Just as 19th century architecture was bettered by the borrowing of ideas from science and technology--ergo shaping how we think about architecture in our current age through structure and open expressions.  Instead of borrowing from sciences like the medical field, how could architecture be redefined through other areas of study?  ie: dentistry, space travel / colonization, classic opera, digitized media, acid rain, over-population, vinyl record re-popularity, etc...

Picon + Ponte///

-Question 02

On virtual reality:

As the reading states, virtual reality is a reality--a potential one.  Going off of this notion, if VR is technically a reality, could we see a shift in design that completely envelopes designers within a 3D world to be free to roam around and design whatever?  Similar to VR glasses and immersive sensory worlds, will the profession stay with the, now conservative, style of a keyboard and mouse?  Or will the profession shift to a more "futuristic" approach to design through something completely intangible?  Could neurological design, where impulses and instincts control a computer in a "Matrix-like" world, enter into the profession or even be possible?

Picon + Ponte///

-Question 03

On structure and architecture:


Knowing that structure comes from the realm of biology and the skeletal system within our bodies, does the idea that we are creating structurally expressive buildings upset us?  If we were to have children that were "structurally expressive" and not have any skin on their bodies would that upset us?  Then why are we designing buildings that follow this same notion and what is our fascination with wanting to rip our own skin off...of buildings?  Compared to the architecture of old where ornamentation was crucial to the design, why are we now compelled to forfeit this "aesthetic" in favor of an architecture that is so rebellious of skin and in favor of savage nakedness?

09 April 2014

Spring 2014 - Exercise 4

Your final exercise of the semester is a personal research topic. This topic may be related to your current/past studios, Master's project topic or other topic that you would like to graphically research for this course. Your topic may be directly related, tangentially related or reciprocal to architecture(al) thought. You may critique conventions, processes or projects. You may also decide to explore phenomena that are not directly related to architecture, in that, it is not a building, drawing or other.

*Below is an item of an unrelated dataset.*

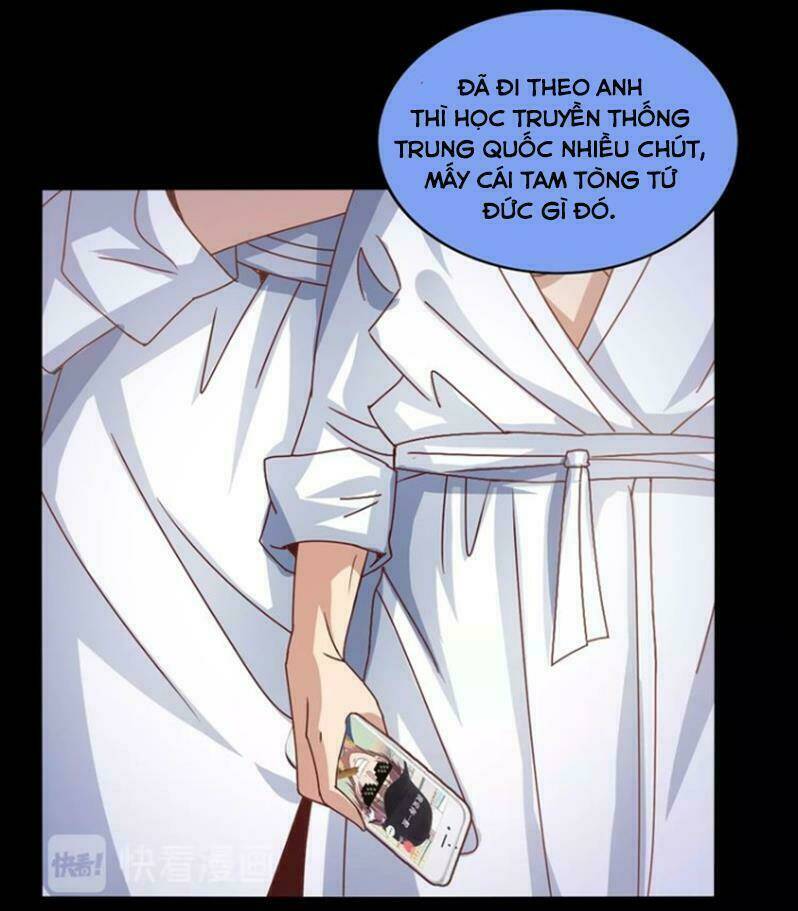 Đại Thiên Tài Bất Khả Chiến Bại Chính Là Ta Chapter 33 - Trang 2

By Class-time on April 16, you must submit a 500-word abstract of your research topic. Within your abstract you must clearly state the topic as a thesis of inquiry, your methodology for research and your expected out comes. Keep in mind, this topic must be formatted to fit the final document per the syllabus.

You will be presenting your research topic, methodology and progress in class April 30. Your progress must be documented and summarized in a .pdf file that you will upload to the d2L Dropbox.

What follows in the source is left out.